Racial disparities worsen as juvenile imprisonment declines in Illinois

Police officers obscure a banner that says "Fund Schools Not Prisons" at a demonstration outside of Illinois Youth Center, a juvenile detention center in Chicago, during a one-day teachers strike on April 1, 2016.

Photo by Michelle Kanaar

Police officers obscure a banner that says "Fund Schools Not Prisons" at a demonstration outside of Illinois Youth Center, a juvenile detention center in Chicago, during a one-day teachers strike on April 1, 2016.

Over the past decade, Illinois has incarcerated fewer young people as the state seeks to reform its juvenile justice system and provide youth with more options for rehabilitation instead of prison.

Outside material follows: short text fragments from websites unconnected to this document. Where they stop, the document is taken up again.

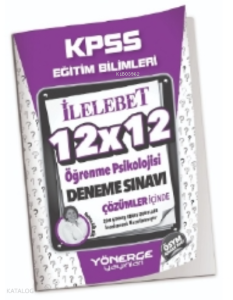 2023 KPSS Eğitim Bilimleri Öğrenme Psikolojisi 12x12 Deneme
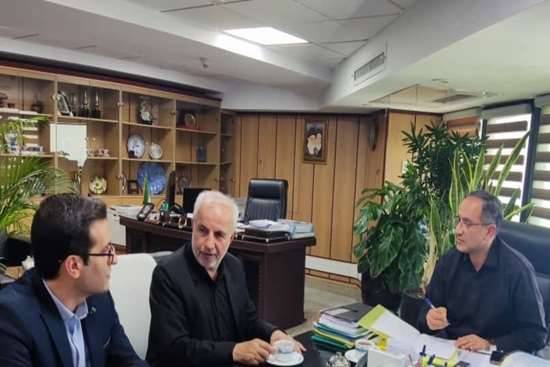 نشست معاون توسعه مدیریت، منابع و برنامه ریزی دانشگاه با معاون توسعه مدیریت و منابع و مدیرکل دفتر منابع توسعه فیزیکی وامور عمرانی وزارت بهداشت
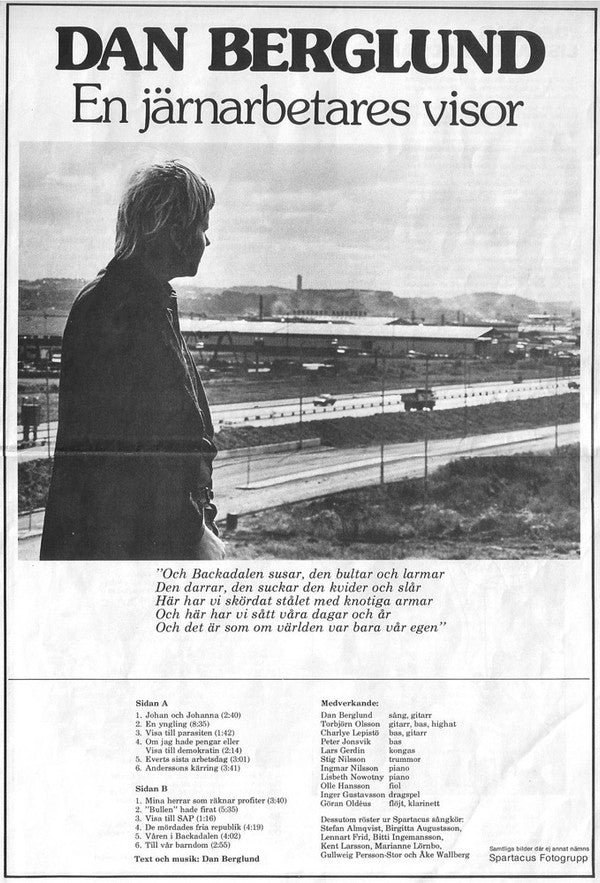 Dan Berglund (2) : En Järnarbetares Visor (LP, Album)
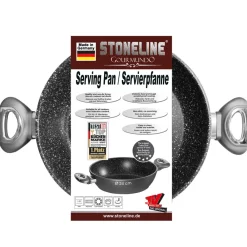 ® Gourmundo Servierpfanne 24 cm, Made in Germany ^ stoneline Best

But the decline in young inmates has not led to significant savings in incarceration costs because the state hasn’t shut down prisons at a fast enough pace, according to a recent policy brief from Voices for Illinois Children, a research and advocacy group. In some facilities, in fact, more than half of beds are vacant–even though “putting youth in prisons is the most expensive and least effective way to respond to juvenile delinquency,” the policy brief states. “Illinois spends heavily on unnecessary prison facilities to incarcerate fewer and fewer youth each year.”

Recognizing the problem, the state has shut down three of its eight youth prisons in the past three years — including the closure this summer of its troubled Kewanee facility, which for years had been the subject of complaints of chronic understaffing and failure to provide sufficient education or health services. The facility is being converted into an adult prison to alleviate severe overcrowding statewide.

Yet during that same period, incarceration costs have risen dramatically, from $112,000 per juvenile in fiscal year 2014 to an estimated $172,000 in 2016, according to the brief. A decade ago, in the 2007 fiscal year, the cost was $71,000.

Meanwhile, the numbers for imprisoned youth have plummeted at a rapid clip, from an average of 1,438 on a daily basis in 2007 to 546 in 2016. By the end of August, the numbers were down even more, to just 393, according to the Illinois Department of Juvenile Justice.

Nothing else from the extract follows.